This package provides a set of functions for performing basic Linear and Ridge Regression on datasets. It is assumed that the reader is familiar with the concepts of Linear and Ridge Regression, so that further explanation of these terms is not required.
The functions available to users of this package are described in the section “Function Descriptions” and examples of their usage are given in the section “Example Usage”.
Also, the “Example Usage” section provides guidance on how the functions provided by this package should be used together.
Limitations:
It should be noted that this package has been created as part of an Introductory Data Science course and that the functions are not “super” robust: the functions do minimal input parameter checking. Consequently, the user should be careful to ensure that the inputs to the functions in this package are minimally correct in terms of type and dimension.
It should also be noted that all calculations are performed on in-memory resident data - i.e. all datasets are read into memory and calculations are also performed in-memory. This means that this package will not be suitable for very large datsets.
This package provides three functions to its users. Each of these is described below:
Specifically:
| \(\overline{y}\) | Return Value: The calculated label values. An (n x 1) column vector. |
| X | Matrix of data points. Has n rows (1 per data point) and m columns for each parameter in a data point. The first column in this matrix must be augmented to contain 1’s |
| \(\beta\) | Column vector (1 x m) of coefficients used to derive predicted label values. |
| missingAction | Should not be changed from the default value! |
When \(\lambda = 0\) (default case) the function only performs linear regression. When \(\lambda > 0\) then Ridge Regression is performed using \(\lambda\) as the specified “ridge” parameter.
Specifically:
| \(\beta\) | Return Value: The calculated coefficient vector. An (m x 1) column vector. |
| y | The label vector associated with the data points in X. An (n x 1) column vector. |
| X | Matrix of data points. Has n rows (1 per data point) and m columns for each parameter in a data point. The first column in this matrix must be augmented to contain 1’s |
| ridge | The ‘ridge’ parameter - must be non-negative! When 0 Linear Regression is performed.
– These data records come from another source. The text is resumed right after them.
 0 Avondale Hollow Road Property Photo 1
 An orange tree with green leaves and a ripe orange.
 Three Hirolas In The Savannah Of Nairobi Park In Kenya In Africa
When \(>0\) Ridge Regression is performed with the specified ‘ridge’ value. |
| missingAction | Should not be changed from the default value! |
Specifically:
| result | Return Value: A list with two entries: (i) min_lambda This is the ridge value that minimizes the mean RSS error. (ii) min_mean is the actual minimum RSS value for that lambda |
| y | The label vector associated with the data points in X. An (n x 1) column vector. |
| X | Matrix of data points. Has n rows (1 per data point) and m columns for each parameter in a data point. The first column in this matrix must be augmented to contain 1’s |
| lambda.max | The maximum ‘ridge’ parameter to be tried - must be non-negative! |
| n.lambda | Number of ‘ridge’ values to try. E.g. with lambda.max=20 and n.lambda=4, the ridge values tested are: 0.000000, 6.666667, 13.333333,20.000000 |
Below is an example of the functions available in this package used on the R dataset “mtcars”.
# Load our package
library("assesment5")
##
## Attaching package: 'assesment5'
## The following object is masked from 'package:stats':
##
## predict
# Load the 'mtcars' dataset - part of R 'built-in' datasets
data(mtcars)
# Sample records:
head(mtcars)
## mpg cyl disp hp drat wt qsec vs am gear carb
## Mazda RX4 21.0 6 160 110 3.90 2.620 16.46 0 1 4 4
## Mazda RX4 Wag 21.0 6 160 110 3.90 2.875 17.02 0 1 4 4
## Datsun 710 22.8 4 108 93 3.85 2.320 18.61 1 1 4 1
## Hornet 4 Drive 21.4 6 258 110 3.08 3.215 19.44 1 0 3 1
## Hornet Sportabout 18.7 8 360 175 3.15 3.440 17.02 0 0 3 2
## Valiant 18.1 6 225 105 2.76 3.460 20.22 1 0 3 1
# Split the data into:
# data (X) has details about the cars - this is the set of data points
# (all columns except 1st column)
# labels (y) - has the petrol usage as mpg - this is the label data we
# want to predict (1st column)
# Note: 1. We always need to augment the data (X) matrix with a column of 1's
# 2. data read in as a dataframe needs to be "converted" to matrices
X <- as.matrix(mtcars[,-1])
X <- cbind(1,X)
y <- mtcars[,1]
y <- matrix(y, byrow=T)
# Calculate the minimum RSS error, and for which lambda it occured at
result <- selectlambda(y,X, n.lambda=30)
# print critical values from 'result':
cat('Minimum rss-mean:', result$min_mean, ', Min-lambda:', result$min_lambda)
## Minimum rss-mean: 52.45021 , Min-lambda: 2.068966
# Lambda != 0, so Linear Regression was not optimal.!!
# Let us calculate the y_hat (estimate label values and check difference to
# actuals).
# First determine coefficient params:
beta = linreg(y, X, ridge=result$min_lambda)
# Next Calculate y_hat from this 'beta'
y_hat = predict(X, beta)
# Show diffs as percentage of actuals:
head(100*(abs(y - y_hat)/y))
## [,1]
## Mazda RX4 3.656302
## Mazda RX4 Wag 3.410764
## Datsun 710 14.022872
## Hornet 4 Drive 3.417813
## Hornet Sportabout 8.363229
## Valiant 12.968367